2024年4月、Coinbaseのグレッグ・トゥサー氏が明かしたのは、複数の政府系ファンドおよび大手保険会社によるビットコインの取得という事実である。これらの機関は、主にスポット型ビットコインETFを介して投資を行ったとされており、米国でのETF承認が与えた制度的安心感が背景にあると見られる。1月に複数承認されたこれらのETFは、透明性と流動性を兼ね備えた商品であり、伝統的な投資機関にとっては参入障壁を大きく下げる存在となっている。
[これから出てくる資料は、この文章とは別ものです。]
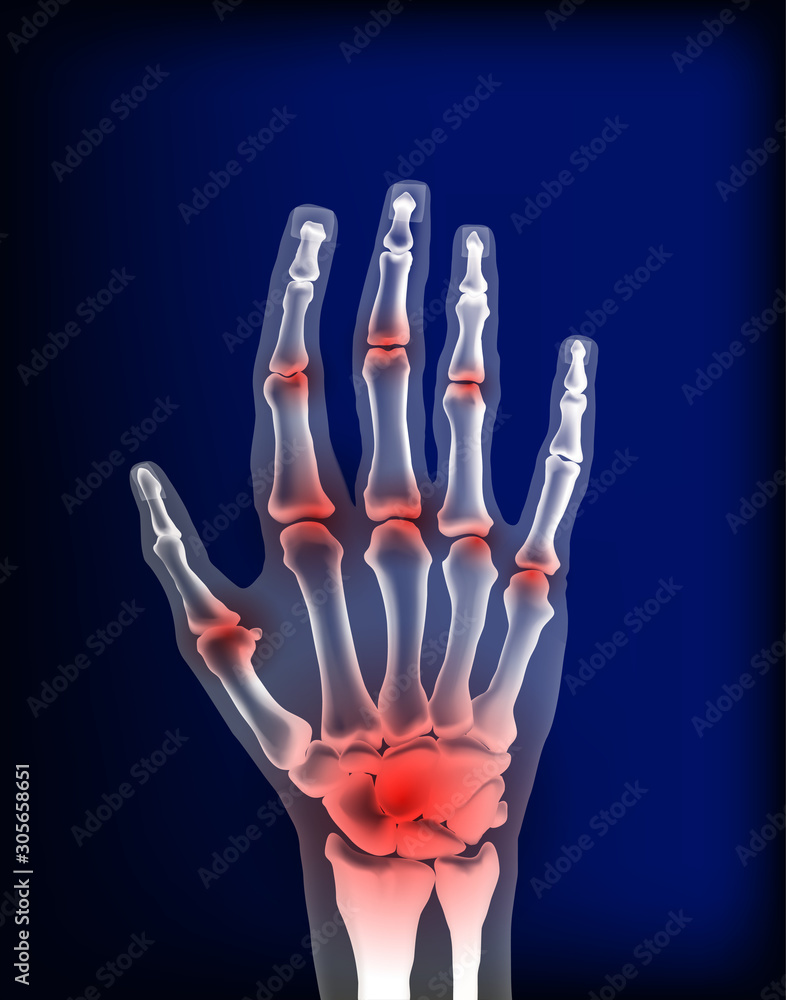 Obraz premium Osteoarthritis image sore inflammation joints of bones the of hand.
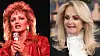 Bonnie Tyler, 72, Seiskalle: Laitoin botox-piikit tauolle! - Jyrähtää nuorten naisten huulitäytteistä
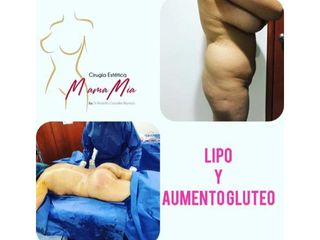 Liposucción - Dr. Rodolfo González Reynoso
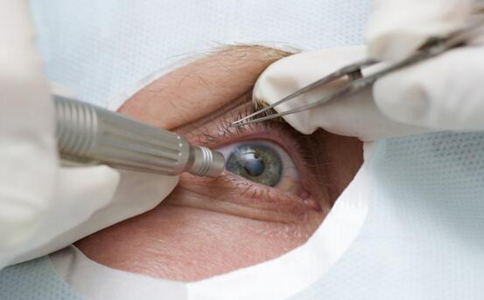 做完近視手術後要注意什麼 近視手術要注意什麼 做完近視手術的注意事項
今回の取得は公開市場での買付やETFの利用といった複数のルートで進められており、流動性確保やポートフォリオの柔軟性を意識した動きと読み取れる。とりわけ注目すべきは、これまで比較的慎重姿勢をとっていた保険会社が資産の一部を暗号資産に振り向けた点にある。運用リスクを厳格に管理するセクターの動きは、他の制度的投資家にも一定の示唆を与えると考えられる。

ETFという形式の存在が、これまでの「投機的資産」というビットコインの印象を制度的投資対象へと引き上げる一因となっており、今後も同様の流入は増加する可能性がある。ただしその動きは表面的には穏やかであり、市場価格に即座に反映される形では現れていない。これは逆説的に、制度投資家による中長期的視点での戦略的取得が進行している証左ともいえる。

 

資産保全と通貨多様化の一手 ビットコインに向かう世界のマネー

ビットコインを取得した背景には、通貨分散とインフレ対策という2つの観点が存在する。トゥサー氏が挙げた「脱ドル化」の動きは、特定通貨への依存度を下げようとする国家の金融戦略と重なり、ビットコインはその代替資産としての選択肢に位置づけられている。特に地政学的な不確実性が高まる中で、法定通貨リスクを避ける傾向が強まり、それに伴いビットコインの利用価値が再評価されている。

また、これまでインフレヘッジの代表格であった金(ゴールド)に対し、ビットコインがその代替手段として浮上している点も見逃せない。有限性と非中央集権という性質が、保有資産の保全手段として注目される要因となっている。さらに、ビットコインがテクノロジー株と同様に成長期待を含む高リスク資産として捉えられることで、攻守を兼ねたポートフォリオ構成における補完的役割を担いつつある。

これらの要素が複合的に絡み合い、従来は敬遠されがちだった暗号資産へのアクセスが制度資金によって着実に拡大している。ただし、これは単なる投機的流入ではなく、より構造的かつ戦略的な資産配分の一環として慎重に進められており、今後の市場安定性に与える影響は小さくないだろう。今後もこの傾向が続けば、ビットコインはより確立された金融資産としての位置づけを強める可能性がある。